▶ [WHAT THE EXERCISE ASKS] Return, without anything added, the lines from the one containing "Traditional Oda, 1" through the end of the entries below, exactly as written.

▶ [INPUT RECORDS]

-.-.-

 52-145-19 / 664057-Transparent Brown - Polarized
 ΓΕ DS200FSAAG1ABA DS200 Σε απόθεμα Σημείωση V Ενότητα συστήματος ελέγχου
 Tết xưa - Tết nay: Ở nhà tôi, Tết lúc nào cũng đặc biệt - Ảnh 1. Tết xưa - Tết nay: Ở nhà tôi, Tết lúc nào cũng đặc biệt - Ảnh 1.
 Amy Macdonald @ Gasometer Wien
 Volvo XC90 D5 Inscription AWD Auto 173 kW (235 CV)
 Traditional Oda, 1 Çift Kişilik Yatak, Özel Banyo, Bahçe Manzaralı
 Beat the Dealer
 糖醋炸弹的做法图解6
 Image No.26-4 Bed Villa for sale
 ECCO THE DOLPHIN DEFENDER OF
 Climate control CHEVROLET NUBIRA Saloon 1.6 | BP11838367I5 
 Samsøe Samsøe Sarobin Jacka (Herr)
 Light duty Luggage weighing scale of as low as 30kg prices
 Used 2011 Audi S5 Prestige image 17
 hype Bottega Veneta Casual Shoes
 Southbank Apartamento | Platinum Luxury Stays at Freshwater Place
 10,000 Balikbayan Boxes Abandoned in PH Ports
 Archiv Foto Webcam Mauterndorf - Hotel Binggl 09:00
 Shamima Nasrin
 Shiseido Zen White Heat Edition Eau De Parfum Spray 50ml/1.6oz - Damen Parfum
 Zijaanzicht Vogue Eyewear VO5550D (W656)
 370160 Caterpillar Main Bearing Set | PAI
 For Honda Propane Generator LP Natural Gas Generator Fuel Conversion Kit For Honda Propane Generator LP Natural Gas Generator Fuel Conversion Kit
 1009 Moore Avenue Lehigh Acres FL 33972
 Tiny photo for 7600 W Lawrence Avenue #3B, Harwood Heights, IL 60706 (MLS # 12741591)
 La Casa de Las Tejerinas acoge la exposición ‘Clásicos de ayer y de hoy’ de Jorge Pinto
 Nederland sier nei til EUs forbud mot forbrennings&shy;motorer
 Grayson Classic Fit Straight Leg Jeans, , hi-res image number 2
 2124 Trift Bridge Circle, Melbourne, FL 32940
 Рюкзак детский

-.-.-

▶ [RESULT]
 Traditional Oda, 1 Çift Kişilik Yatak, Özel Banyo, Bahçe Manzaralı
 Beat the Dealer
 糖醋炸弹的做法图解6
 Image No.26-4 Bed Villa for sale
 ECCO THE DOLPHIN DEFENDER OF
 Climate control CHEVROLET NUBIRA Saloon 1.6 | BP11838367I5 
 Samsøe Samsøe Sarobin Jacka (Herr)
 Light duty Luggage weighing scale of as low as 30kg prices
 Used 2011 Audi S5 Prestige image 17
 hype Bottega Veneta Casual Shoes
 Southbank Apartamento | Platinum Luxury Stays at Freshwater Place
 10,000 Balikbayan Boxes Abandoned in PH Ports
 Archiv Foto Webcam Mauterndorf - Hotel Binggl 09:00
 Shamima Nasrin
 Shiseido Zen White Heat Edition Eau De Parfum Spray 50ml/1.6oz - Damen Parfum
 Zijaanzicht Vogue Eyewear VO5550D (W656)
 370160 Caterpillar Main Bearing Set | PAI
 For Honda Propane Generator LP Natural Gas Generator Fuel Conversion Kit For Honda Propane Generator LP Natural Gas Generator Fuel Conversion Kit
 1009 Moore Avenue Lehigh Acres FL 33972
 Tiny photo for 7600 W Lawrence Avenue #3B, Harwood Heights, IL 60706 (MLS # 12741591)
 La Casa de Las Tejerinas acoge la exposición ‘Clásicos de ayer y de hoy’ de Jorge Pinto
 Nederland sier nei til EUs forbud mot forbrennings&shy;motorer
 Grayson Classic Fit Straight Leg Jeans, , hi-res image number 2
 2124 Trift Bridge Circle, Melbourne, FL 32940
 Рюкзак детский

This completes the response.